The top panel 11 is composed of two top partial panels 11c and 11d, and can be folded in half toward the inside. The top panel 11 is hingedly connected to the right panel 13 and the left panel 14, respectively. Further, the bottom panel 12 is composed of two bottom partial panels 12c and 12d, and can be folded in half toward the inside. The bottom panel 12 is hingedly connected to the right panel 13 and the left panel 14, respectively.

The front panel 15 is composed of two front partial panels 15c and 15d, and can be folded in half toward the outside. The front panel 15 is hingedly connected to the right panel 13. The front panel 15 may be hingedly connected to the left panel 14.

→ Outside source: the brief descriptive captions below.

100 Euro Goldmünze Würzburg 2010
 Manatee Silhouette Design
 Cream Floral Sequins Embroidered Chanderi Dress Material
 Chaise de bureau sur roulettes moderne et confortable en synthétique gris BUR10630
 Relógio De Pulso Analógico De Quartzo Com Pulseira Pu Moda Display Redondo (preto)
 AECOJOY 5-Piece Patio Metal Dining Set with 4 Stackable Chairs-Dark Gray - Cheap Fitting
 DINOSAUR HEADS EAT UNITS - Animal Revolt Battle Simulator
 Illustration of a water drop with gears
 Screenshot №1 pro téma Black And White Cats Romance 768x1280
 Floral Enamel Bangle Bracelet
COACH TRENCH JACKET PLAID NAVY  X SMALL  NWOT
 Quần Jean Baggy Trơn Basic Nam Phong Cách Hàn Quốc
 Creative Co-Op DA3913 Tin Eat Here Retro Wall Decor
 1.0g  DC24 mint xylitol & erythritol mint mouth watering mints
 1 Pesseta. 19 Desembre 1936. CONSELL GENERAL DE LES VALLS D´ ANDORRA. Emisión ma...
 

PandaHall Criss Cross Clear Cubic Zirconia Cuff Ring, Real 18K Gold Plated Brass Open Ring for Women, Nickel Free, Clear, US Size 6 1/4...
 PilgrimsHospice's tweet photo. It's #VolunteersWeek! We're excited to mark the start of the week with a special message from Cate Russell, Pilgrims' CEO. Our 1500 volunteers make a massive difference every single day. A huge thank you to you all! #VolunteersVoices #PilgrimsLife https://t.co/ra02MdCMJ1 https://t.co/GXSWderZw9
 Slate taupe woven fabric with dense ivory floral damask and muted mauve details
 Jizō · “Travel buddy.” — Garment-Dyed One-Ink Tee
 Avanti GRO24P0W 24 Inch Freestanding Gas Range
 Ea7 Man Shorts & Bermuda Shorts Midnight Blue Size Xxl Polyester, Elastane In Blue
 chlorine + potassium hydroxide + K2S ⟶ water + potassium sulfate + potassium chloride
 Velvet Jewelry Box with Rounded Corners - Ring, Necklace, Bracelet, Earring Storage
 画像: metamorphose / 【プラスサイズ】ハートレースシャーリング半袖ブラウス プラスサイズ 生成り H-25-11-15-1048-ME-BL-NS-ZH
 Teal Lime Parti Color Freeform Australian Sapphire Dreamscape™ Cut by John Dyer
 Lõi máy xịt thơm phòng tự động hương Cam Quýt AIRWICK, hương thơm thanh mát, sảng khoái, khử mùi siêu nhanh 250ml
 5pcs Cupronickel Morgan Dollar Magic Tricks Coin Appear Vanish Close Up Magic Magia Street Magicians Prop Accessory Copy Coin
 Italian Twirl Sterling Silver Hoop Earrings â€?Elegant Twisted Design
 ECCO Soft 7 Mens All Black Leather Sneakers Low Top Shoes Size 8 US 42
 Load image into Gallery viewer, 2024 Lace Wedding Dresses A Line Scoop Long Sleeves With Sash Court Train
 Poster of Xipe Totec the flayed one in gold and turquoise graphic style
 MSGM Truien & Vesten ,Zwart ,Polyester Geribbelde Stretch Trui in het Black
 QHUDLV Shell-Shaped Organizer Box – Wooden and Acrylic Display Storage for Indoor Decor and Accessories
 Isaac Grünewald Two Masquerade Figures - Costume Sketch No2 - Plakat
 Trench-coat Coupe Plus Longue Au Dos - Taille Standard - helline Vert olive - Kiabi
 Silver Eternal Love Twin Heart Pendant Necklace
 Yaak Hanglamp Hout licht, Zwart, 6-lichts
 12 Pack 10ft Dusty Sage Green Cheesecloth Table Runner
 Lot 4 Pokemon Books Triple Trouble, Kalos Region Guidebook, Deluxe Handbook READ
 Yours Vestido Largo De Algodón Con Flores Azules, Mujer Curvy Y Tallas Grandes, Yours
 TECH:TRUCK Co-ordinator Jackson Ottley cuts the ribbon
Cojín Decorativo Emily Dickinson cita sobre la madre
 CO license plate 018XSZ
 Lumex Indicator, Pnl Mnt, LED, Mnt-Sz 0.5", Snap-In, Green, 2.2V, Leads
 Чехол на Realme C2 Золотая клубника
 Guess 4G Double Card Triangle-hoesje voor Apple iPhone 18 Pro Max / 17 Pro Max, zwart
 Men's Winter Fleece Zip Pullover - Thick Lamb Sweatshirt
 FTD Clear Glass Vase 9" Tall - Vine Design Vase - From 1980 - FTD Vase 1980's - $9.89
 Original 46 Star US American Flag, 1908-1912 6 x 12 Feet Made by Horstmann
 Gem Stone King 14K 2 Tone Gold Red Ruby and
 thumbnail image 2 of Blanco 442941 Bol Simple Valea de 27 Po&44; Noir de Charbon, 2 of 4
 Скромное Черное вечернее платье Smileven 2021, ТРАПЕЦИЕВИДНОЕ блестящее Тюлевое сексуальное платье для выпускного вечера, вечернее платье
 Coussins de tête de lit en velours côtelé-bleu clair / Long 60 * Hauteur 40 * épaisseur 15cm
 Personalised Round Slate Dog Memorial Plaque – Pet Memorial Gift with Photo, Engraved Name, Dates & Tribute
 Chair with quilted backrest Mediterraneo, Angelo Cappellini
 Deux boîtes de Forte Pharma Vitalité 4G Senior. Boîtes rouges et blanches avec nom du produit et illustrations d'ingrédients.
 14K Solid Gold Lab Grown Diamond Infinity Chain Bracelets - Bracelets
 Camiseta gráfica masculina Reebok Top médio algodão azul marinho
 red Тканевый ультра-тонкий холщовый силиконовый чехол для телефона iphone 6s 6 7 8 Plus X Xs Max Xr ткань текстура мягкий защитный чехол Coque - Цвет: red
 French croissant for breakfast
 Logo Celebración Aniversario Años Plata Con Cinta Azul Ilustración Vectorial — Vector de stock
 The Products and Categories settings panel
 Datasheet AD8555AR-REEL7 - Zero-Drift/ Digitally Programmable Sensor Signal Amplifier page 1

The back panel 16 is composed of two back partial panels 16c and 16d, and can be folded in half toward the outside. The back panel 16 is hingedly connected to the right panel 13. The back panel 16 may be hingedly connected to the left panel 14.

Here, "it is possible to fold in half toward the inside" means that when the panel is folded in two, the bent portion faces the inside (accommodation space 20 side) and the outer surfaces of the partial panels face each other. Say. Further, "it is possible to fold in half toward the outside" means that when the panel is folded in two, the bent portion faces the outside (opposite side of the accommodation space 20), and the inner surfaces of the partial panels face each other. To say.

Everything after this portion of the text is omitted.